Le grincement de dents de Dominique Legendre: acheter local à l’occasion c’est bien, s’engager auprès des agriculteurs, c’est mieux!
Publié le
07 avril 2020
Copropriétaire de la Ferme Les Trois Bergères, dans Chaudière-Appalaches, Dominique Legendre a été sur le conseil d’administration de La Mauve de 2012 à 2019 et l’a présidé entre 2017 et 2019. Cette coopérative de producteurs, qui avait pour mission de distribuer, transformer et mettre en valeur les produits biologique et durables de ses membres, grâce à une boutique à Saint-Vallier et sous forme de paniers diversifiés, a déclaré faillite en janvier 2020. Dominique Legendre grince des dents en observant un décalage entre le désir d’acheter localement et la difficulté à faire preuve de souplesse quand vient le temps de s’y engager.
Un texte de Julie Aubé
Quelles pistes d’explications pouvez-vous partager au sujet de la fermeture de La Mauve?
Le modèle de paniers diversifiés (légumes, viandes, etc.) que nous avons expérimenté pendant plus de 15 ans est prometteur et stimulant. Il crée des liens et de la solidarité entre les producteurs, il permet le partage de réalités, d’idées et de ressources. La Mauve a eu des difficultés qui lui sont propres, mais j’encourage tous ceux qui sont intéressés par un tel modèle de mise en marché collective à s’embarquer. Ça peut être créé dans n’importe quelle région!
Cela dit, un élément d’explication qu’il est possible d’identifier, c’est que nous avons senti, dans les dernières années, poindre une «compétition» avec différentes autres initiatives de paniers de denrées «personnalisables» à la demande. Sans parler de la facilité qu’offrent, en continu, les grandes surfaces. On a cru que pour garder nos clients, il fallait réduire les contraintes. Ainsi, on s’est mis à permettre les annulations de paniers, à offrir des abonnements au mois plutôt qu’à la saison et à accepter les échanges de produits… jusqu’à ce que ça devienne pratiquement du magasinage en ligne.

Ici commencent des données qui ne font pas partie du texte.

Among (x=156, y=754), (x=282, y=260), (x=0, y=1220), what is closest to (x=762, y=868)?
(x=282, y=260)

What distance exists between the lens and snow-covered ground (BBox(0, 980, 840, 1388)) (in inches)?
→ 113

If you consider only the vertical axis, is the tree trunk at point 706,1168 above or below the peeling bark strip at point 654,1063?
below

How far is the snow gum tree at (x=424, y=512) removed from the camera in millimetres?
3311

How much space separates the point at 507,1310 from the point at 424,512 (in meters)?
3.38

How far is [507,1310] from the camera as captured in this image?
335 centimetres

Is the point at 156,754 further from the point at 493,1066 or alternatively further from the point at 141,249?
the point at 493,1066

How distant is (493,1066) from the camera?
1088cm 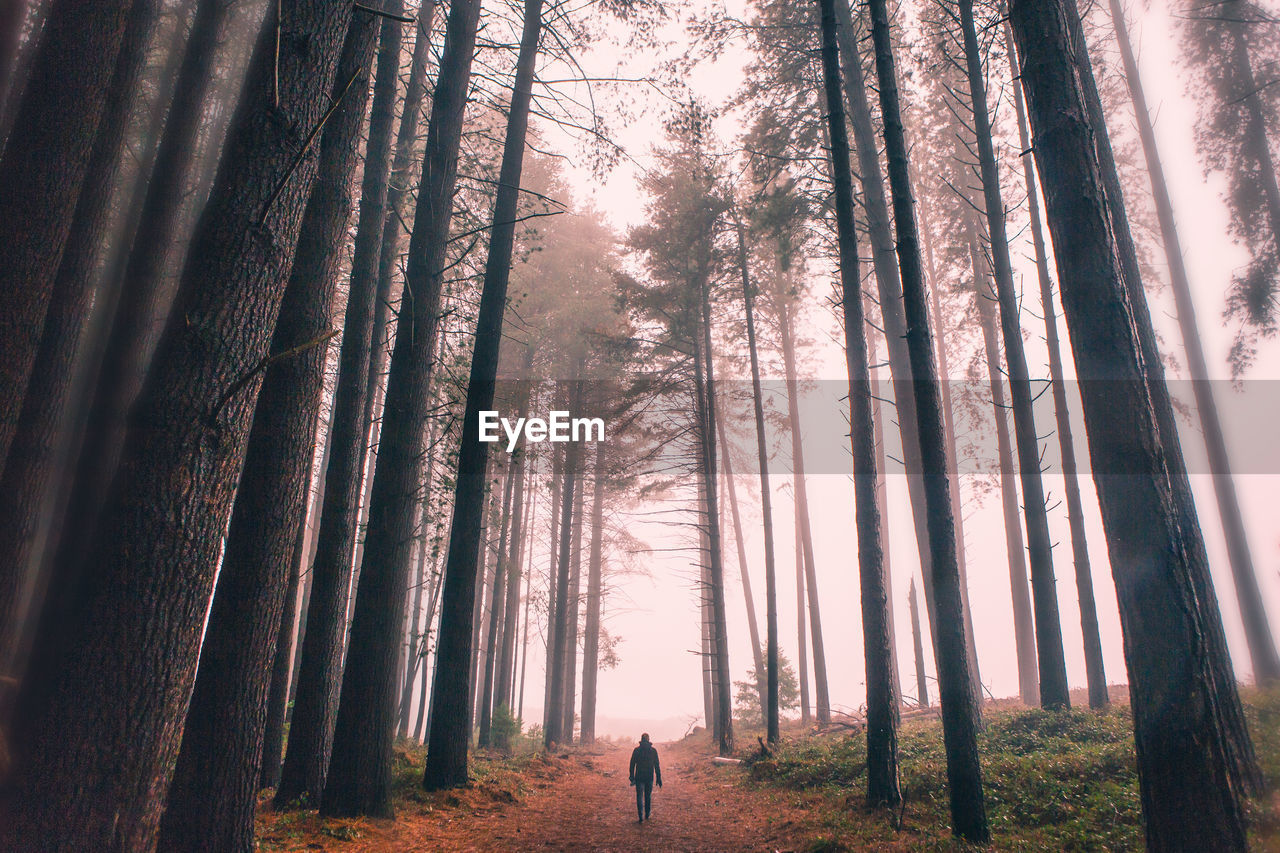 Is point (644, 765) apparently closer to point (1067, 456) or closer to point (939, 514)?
point (939, 514)

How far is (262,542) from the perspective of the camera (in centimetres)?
402

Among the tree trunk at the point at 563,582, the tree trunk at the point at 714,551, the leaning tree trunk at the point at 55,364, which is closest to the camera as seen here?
the leaning tree trunk at the point at 55,364

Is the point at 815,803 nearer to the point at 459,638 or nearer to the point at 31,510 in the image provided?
the point at 459,638

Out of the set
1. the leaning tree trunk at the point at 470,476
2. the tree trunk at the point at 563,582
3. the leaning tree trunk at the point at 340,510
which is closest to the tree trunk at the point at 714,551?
the tree trunk at the point at 563,582

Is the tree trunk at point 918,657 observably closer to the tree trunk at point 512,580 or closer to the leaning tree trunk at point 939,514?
the tree trunk at point 512,580

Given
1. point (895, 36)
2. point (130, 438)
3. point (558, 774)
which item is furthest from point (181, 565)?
point (895, 36)

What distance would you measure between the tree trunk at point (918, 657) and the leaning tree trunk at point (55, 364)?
1910 centimetres

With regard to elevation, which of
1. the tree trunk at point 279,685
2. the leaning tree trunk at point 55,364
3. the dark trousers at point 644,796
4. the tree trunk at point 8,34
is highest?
the tree trunk at point 8,34

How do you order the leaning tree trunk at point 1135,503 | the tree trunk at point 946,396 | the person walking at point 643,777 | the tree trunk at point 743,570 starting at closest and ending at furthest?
the leaning tree trunk at point 1135,503 → the person walking at point 643,777 → the tree trunk at point 946,396 → the tree trunk at point 743,570

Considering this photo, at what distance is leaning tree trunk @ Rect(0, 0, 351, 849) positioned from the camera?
2.37 m

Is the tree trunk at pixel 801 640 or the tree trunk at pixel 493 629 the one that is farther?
the tree trunk at pixel 801 640

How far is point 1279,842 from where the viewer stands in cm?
358

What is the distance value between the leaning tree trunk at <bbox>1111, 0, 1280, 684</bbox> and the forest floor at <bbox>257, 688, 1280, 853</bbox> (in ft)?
10.9

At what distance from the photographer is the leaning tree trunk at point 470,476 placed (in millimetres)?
7516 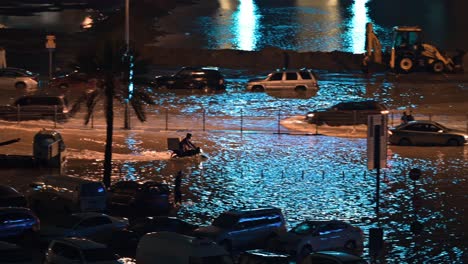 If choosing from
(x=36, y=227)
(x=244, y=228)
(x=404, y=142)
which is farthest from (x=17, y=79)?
(x=244, y=228)

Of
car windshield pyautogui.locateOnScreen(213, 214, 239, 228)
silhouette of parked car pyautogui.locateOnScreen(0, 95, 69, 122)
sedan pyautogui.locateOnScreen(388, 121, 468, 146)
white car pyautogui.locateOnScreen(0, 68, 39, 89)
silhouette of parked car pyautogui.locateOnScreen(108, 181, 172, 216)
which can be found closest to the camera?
car windshield pyautogui.locateOnScreen(213, 214, 239, 228)

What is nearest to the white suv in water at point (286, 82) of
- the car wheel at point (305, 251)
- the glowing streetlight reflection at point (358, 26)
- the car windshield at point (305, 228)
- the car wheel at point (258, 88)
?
the car wheel at point (258, 88)

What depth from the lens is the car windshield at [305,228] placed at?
82.3ft

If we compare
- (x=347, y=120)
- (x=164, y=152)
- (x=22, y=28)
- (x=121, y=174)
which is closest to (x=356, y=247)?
(x=121, y=174)

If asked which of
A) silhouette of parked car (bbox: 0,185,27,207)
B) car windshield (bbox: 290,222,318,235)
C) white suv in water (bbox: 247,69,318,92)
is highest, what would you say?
white suv in water (bbox: 247,69,318,92)

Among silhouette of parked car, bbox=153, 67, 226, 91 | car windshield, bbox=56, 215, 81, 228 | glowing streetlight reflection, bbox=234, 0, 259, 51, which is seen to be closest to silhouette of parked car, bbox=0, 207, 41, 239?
car windshield, bbox=56, 215, 81, 228

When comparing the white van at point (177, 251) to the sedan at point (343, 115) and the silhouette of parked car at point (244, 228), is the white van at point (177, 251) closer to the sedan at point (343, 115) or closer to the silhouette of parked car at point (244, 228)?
the silhouette of parked car at point (244, 228)

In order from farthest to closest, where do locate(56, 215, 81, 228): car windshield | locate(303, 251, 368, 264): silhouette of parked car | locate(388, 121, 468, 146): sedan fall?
locate(388, 121, 468, 146): sedan → locate(56, 215, 81, 228): car windshield → locate(303, 251, 368, 264): silhouette of parked car

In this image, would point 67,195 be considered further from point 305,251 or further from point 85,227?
point 305,251

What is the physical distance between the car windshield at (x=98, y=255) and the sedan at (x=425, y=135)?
23.3 metres

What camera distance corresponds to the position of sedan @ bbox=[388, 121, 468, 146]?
4234cm

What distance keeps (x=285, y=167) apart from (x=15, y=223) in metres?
14.2

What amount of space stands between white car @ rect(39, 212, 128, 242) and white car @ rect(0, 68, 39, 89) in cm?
3206

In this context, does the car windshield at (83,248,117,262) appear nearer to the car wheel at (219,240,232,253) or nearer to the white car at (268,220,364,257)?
the car wheel at (219,240,232,253) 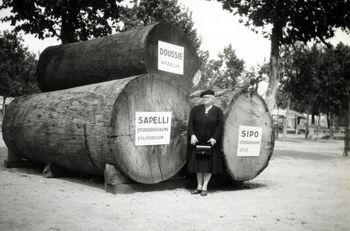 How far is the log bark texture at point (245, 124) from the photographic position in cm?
701

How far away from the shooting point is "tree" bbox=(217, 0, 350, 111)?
15.7m

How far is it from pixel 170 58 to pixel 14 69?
3044 cm

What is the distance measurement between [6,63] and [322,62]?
25301 mm

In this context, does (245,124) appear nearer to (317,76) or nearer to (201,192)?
(201,192)

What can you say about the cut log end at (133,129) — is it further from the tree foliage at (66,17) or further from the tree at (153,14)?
the tree at (153,14)

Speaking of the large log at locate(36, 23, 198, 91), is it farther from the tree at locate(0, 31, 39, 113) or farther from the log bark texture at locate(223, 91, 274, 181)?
the tree at locate(0, 31, 39, 113)

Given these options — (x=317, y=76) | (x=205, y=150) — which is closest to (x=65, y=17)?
(x=205, y=150)

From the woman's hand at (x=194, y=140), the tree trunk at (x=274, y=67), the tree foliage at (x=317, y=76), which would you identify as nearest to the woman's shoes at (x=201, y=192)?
the woman's hand at (x=194, y=140)

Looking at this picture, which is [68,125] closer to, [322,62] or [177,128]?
[177,128]

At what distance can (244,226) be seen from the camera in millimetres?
4609

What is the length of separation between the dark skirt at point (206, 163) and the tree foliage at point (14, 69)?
28.3 meters

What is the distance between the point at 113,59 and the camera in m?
7.52

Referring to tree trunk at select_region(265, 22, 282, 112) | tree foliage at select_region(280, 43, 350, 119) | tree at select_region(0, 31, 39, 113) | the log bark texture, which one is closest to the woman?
the log bark texture

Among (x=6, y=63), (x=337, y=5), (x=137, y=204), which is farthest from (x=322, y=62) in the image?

Il nous a fallu investir pour développer une plate-forme informatique et assumer les ressources humaines pour gérer les commandes personnalisées. Par conséquent, les producteurs de la coopérative ont eu de plus en plus de difficulté à planifier leur saison de production pour répondre à la demande devenue imprévisible.
«On a constaté que plus on offrait de flexibilité, plus l’engagement de la clientèle s’effritait. L’engagement, c’est pourtant au cœur du concept d’agriculture soutenue par la communauté.»
Dominique Legendre
Qu’est-ce que les initiatives de mise en marché collective et d’agriculture soutenue par la communauté peuvent retirer de votre expérience? Et les mangeurs?
Qu’il faut sensibiliser sans relâche à l’importance de transformer certaines habitudes de «consommateur-roi» en ouverture au compromis, à la souplesse et à suivre le rythme des saisons. Les agriculteurs locaux ne peuvent pas faire apparaître les poivrons et les aubergines en juin. On doit tous, agriculteurs ET mangeurs, jongler avec notre nordicité, les conditions que nous envoient Dame Nature, s’y adapter. Supporter l’agriculture locale pour vrai, ce n’est pas juste acheter local de temps à autre quand ça adonne, c’est faire preuve d’engagement et de flexibilité. C’est refiler son panier à une amie ou un collègue quand on s’absente plutôt que l’annuler. C’est transformer son désir de «tout en tout temps» en adaptation à ce que les agriculteurs de proximité ont prévu dans leurs champs. Peut-être qu’on n’aurait pas dû essayer d’offrir autant de la flexibilité, et travailler plutôt à valoriser le rôle des mangeurs qui font preuve de souplesse et d’engagement. Après tout, l’agriculture soutenue par la communauté porte bien son nom: elle doit être soutenue par les mangeurs!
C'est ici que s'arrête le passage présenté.